Es war ein ungewöhnlicher Termin - und ein ungewöhnliches Konzert. Aber als "Rekkenze Brass" an einem Montag ein Konzert in der Johanneskirche anbot, musste die Kulturinitiative Trebgast nicht lange überlegen, um zuzustimmen. Auch wenn ihr Vorsitzender Hans-Jürgen Moos zunächst schon etwas skeptisch war. Letztlich bewahrheitete sich der Satz von Bandmitglied Rainer Streit: "Freitag, Samstag und Sonntag können alle. Am Montag kommen die Kenner." Und sie kamen zuhauf.

Die Besucher erlebten ein Weihnachtskonzert auf höchstem Niveau, ganz einfach "Blech" in Perfektion. Die Leichtigkeit und Spielfreude, mit der dieses Bläserquintett die gesamte Kirche füllte und damit die vielen Besucher begeisterte, kommen nicht von ungefähr. Alle haben die Musik im Blut und ihr Instrument von der Pike auf gelernt.

Das weibliche Küken

So wie das "Küken" der Band, Elisabeth Nußrainer. Sie stammt aus der Nähe von Erding und studiert noch - quasi in den letzten Zügen - in Linz. Ihren "Bachelor" hat sie bereits, der "Master" steht kurz bevor. Wie hat sie es eigentlich in die "Boygroup" geschafft? "Ich besuche seit vielen Jahren die Workshops und Kurse im Haus Marteau in Lichtenberg, bei denen meine jetzigen Kollegen auch regelmäßig referieren. Vor drei Jahren kam ein Anruf, ob ich als Nachfolgerin eines aus Altersgründen ausscheidenden Gründungsmitglieds mitmachen will. Ich wollte und fühle mich seitdem bei den Jungs sehr wohl."
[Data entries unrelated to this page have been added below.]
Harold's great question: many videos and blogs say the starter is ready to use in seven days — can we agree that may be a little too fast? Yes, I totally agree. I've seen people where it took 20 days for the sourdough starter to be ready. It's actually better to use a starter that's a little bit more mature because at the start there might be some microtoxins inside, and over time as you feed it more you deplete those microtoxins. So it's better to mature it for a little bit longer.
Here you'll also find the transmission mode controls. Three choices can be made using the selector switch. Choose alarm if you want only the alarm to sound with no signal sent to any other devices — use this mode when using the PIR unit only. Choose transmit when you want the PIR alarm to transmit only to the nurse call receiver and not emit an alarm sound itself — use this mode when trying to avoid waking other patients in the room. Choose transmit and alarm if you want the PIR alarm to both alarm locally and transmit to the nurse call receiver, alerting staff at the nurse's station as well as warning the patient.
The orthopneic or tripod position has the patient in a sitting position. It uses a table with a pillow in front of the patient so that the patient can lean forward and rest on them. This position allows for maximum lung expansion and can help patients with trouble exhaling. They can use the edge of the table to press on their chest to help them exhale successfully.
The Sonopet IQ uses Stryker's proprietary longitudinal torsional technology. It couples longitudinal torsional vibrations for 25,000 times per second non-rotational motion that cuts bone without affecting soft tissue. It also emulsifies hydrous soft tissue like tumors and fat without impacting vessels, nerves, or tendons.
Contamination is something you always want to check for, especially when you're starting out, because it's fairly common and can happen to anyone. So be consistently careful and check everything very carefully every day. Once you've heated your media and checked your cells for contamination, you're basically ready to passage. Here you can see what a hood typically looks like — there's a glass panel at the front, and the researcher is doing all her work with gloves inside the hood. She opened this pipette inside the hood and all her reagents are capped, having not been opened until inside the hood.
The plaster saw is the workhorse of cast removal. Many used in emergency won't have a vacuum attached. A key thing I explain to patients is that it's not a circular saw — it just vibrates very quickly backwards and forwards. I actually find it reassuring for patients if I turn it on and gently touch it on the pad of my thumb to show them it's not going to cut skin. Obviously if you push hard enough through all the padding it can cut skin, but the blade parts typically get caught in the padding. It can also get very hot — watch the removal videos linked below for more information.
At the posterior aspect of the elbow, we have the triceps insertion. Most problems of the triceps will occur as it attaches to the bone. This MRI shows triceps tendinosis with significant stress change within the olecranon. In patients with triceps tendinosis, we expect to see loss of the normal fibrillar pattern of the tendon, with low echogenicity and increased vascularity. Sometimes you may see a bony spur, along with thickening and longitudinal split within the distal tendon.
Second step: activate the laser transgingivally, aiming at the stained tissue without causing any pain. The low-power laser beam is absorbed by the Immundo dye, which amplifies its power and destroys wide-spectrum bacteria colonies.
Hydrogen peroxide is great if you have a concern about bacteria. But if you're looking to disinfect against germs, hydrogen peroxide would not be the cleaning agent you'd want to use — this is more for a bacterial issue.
Gleich zum Auftakt starteten die fünf exzellenten Bläser eine Zeitreise zurück in die Renaissance. Mit sechs Tänzen aus dieser Epoche von unterschiedlichen Komponisten spannten sie einen Bogen von der Spagnoletta, einem italienischen Tanz aus dem späten 16. Jahrhundert, über die Canzonetta, einer beliebten, nicht-kirchlichen Art von Vokalkomposition, bis zur Pavane, einem feierlich-langsamen Schreittanz, und der Courante, einem lebhaften Gesellschaftstanz.

Reise durch Europa

Es folgte eine teils besinnliche, teils schwungvolle Rundreise durch Europa mit Weihnachtsliedern aus England, Spanien und Deutschland. Gelegenheit für die Besucher, sich zurückzulehnen und die Spielfreude der Bläser zu genießen.

Zur Abwechslung boten die fünf Musiker danach ein "gemischtes Quartett aus frischen Torelli al dente, dazu ein spritziges Piccolönchen" an. Das hatte allerdings nichts mit Nudeln und Alkohol zu tun, sondern mit einem Italiener und einer Trompete: Guiseppe Torelli war ein fantastischer Geiger und eine verrückte Nudel, der sich nicht zu schade war, auch mal die erste Geige mit der Bratsche in der 25. Reihe zu tauschen, was einem Abstieg von der Formel 1 zur Seifenkiste gleichkam.

Nach weiteren famosen Vorträgen wie zum Beispiel dem "Libertango"von Astor Piazzolla" endete die Brasszination mit einem Medley anglo-amerikanischer Melodien, bei dem natürlich auch Rudolph, das Rentier mit der roten Nase, nicht fehlen durfte.

Für den Kindergarten

Drei Zugaben forderte das begeisterte Publikum noch ein, bevor der Dank der Friedrich Baur GmbH in Burgkunstadt galt, die als Sponsor den freien Eintritt zu diesem Konzert ermöglichte. Die freiwilligen Spenden des Abends kommen dem Kindergarten Trebgast zugute.